**PROVIDED INFORMATION:**
*****
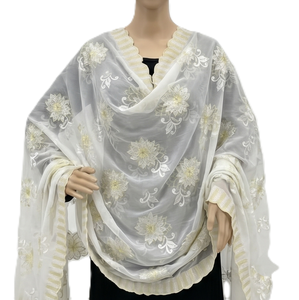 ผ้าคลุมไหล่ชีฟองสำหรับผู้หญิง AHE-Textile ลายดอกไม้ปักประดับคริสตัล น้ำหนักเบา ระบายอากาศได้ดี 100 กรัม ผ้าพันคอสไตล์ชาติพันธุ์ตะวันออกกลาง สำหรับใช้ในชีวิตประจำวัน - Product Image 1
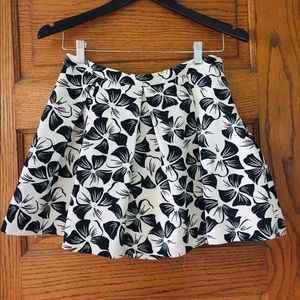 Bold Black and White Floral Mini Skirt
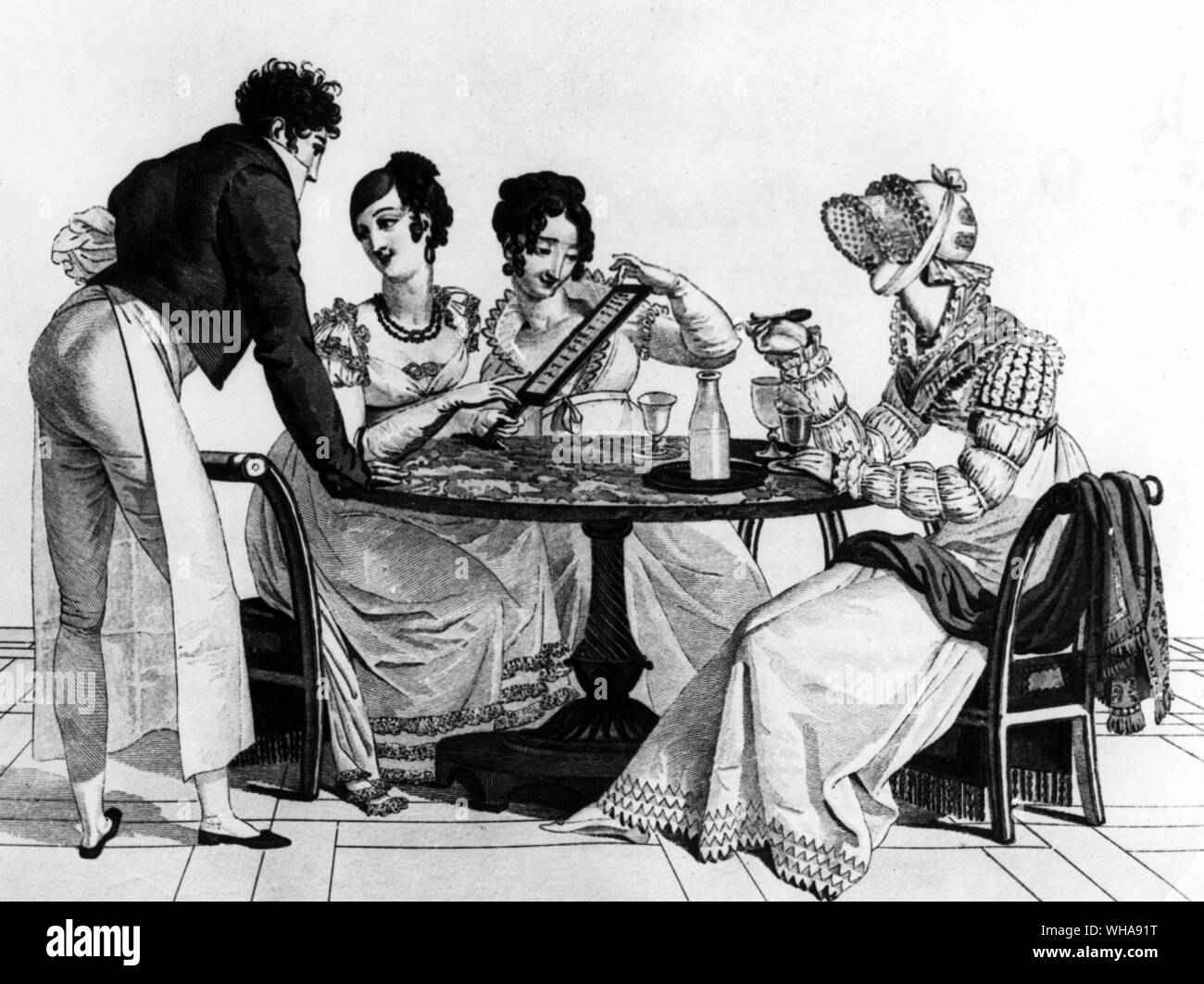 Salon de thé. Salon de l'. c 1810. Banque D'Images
*****
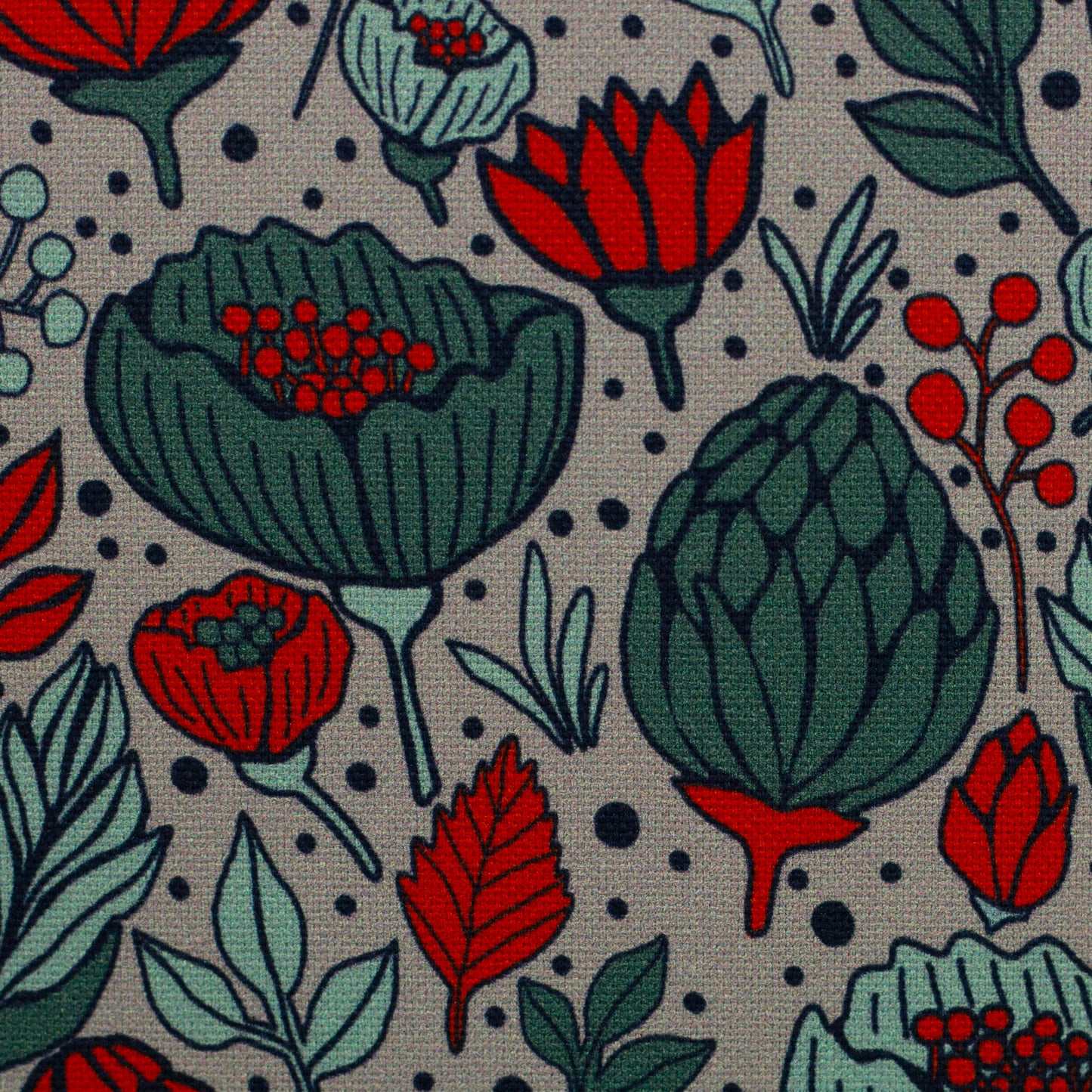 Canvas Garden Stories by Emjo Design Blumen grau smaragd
*****
**TASK STATEMENT:** Repeat, without pictures, exactly the lines of the data above from the one containing "Product Image 1" through the one containing "Salon de thé.", including both and adding nothing.

**YOUR RESPONSE:**
 ผ้าคลุมไหล่ชีฟองสำหรับผู้หญิง AHE-Textile ลายดอกไม้ปักประดับคริสตัล น้ำหนักเบา ระบายอากาศได้ดี 100 กรัม ผ้าพันคอสไตล์ชาติพันธุ์ตะวันออกกลาง สำหรับใช้ในชีวิตประจำวัน - Product Image 1
 Bold Black and White Floral Mini Skirt
 Salon de thé. Salon de l'. c 1810. Banque D'Images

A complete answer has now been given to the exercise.